Post-revolution Tunisia continues to face a significant deterioration in its public finances. Since 2011, policies have been followed to cope with changes in the economic environment, unforeseen expenses, and often overly optimistic assumptions when preparing the budget. The composition of public spending favors current spending to the detriment of investment spending and is therefore not geared towards supporting the long-run growth. The main component of current expenditure, civil service wage bill represented 41.5% of the budget and 14% of the GDP in 2017, while public investment, although slightly increasing since 2015, respectively represented only 16% and 6.4%.

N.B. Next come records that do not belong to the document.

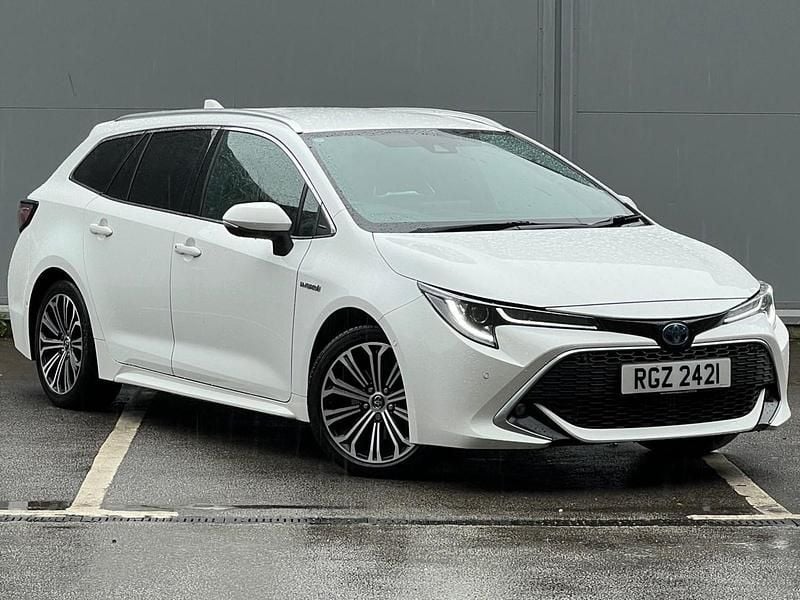 White Used 2020 Toyota Corolla Estate | £13,995 (Fair price) - Image 1/4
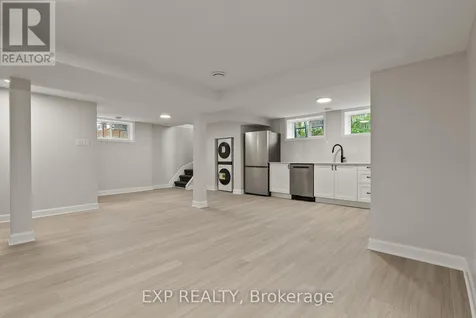 2393 Sheldon Avenue Ottawa ON K2C 1K4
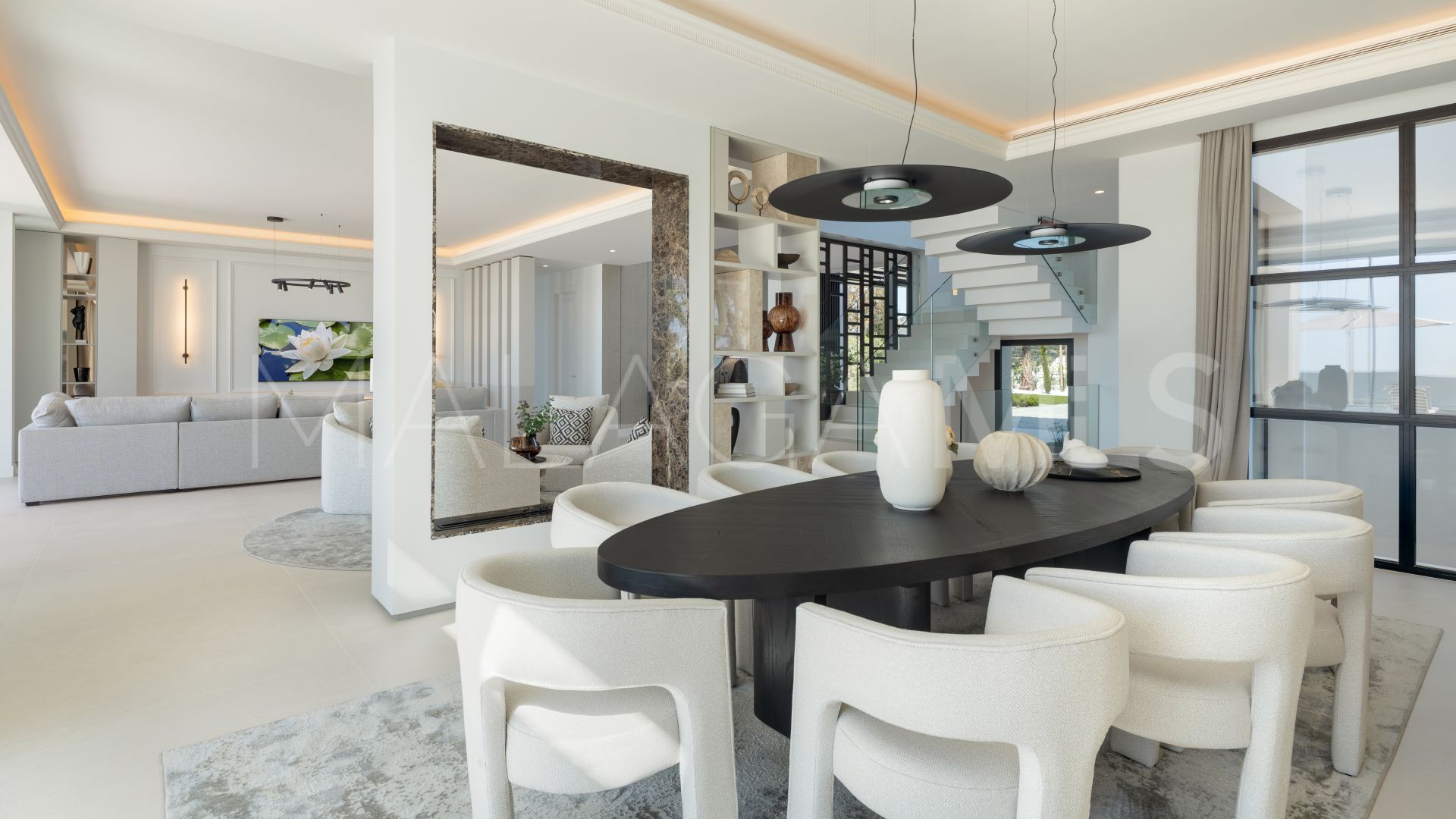 Villa for sale in Monte Halcones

The deterioration of public finances is also linked to the maintenance of the policy of subsidizing certain basic products and energy, as well as to significant social transfers which represented, in 2017, about 16% of the budget. The increase in oil prices combined with the sudden depreciation of the dinar in April 2017 led to a significant slippage of the budget, of some 900 million dinars intended for energy compensation. Consolidation of public finances should however take place within the framework of the 2018 finance law, which provides for an increase in tax revenue of 10% compared to 2017, representing around 2.2 billion dinars, thanks to the increase in value added tax (VAT) and a scheduled quarterly increase in fuel prices, in order to align them with international market prices and limit the cost to public finances. The budget is expected to grow only 4% in 2018 compared to 11% in 2017, half as fast as inflation, which is expected to rise to 7.1%. This slowdown combined with control of current expenditure should allow a significant decrease in the level of budget deficit during the period 2018-2019. The creation of additional budgetary space, through a large-scale tax reform allowing the collection of new revenues, and a restructuring of the composition of public expenditure in favor of productive investment, remain essential to raise the level of growth.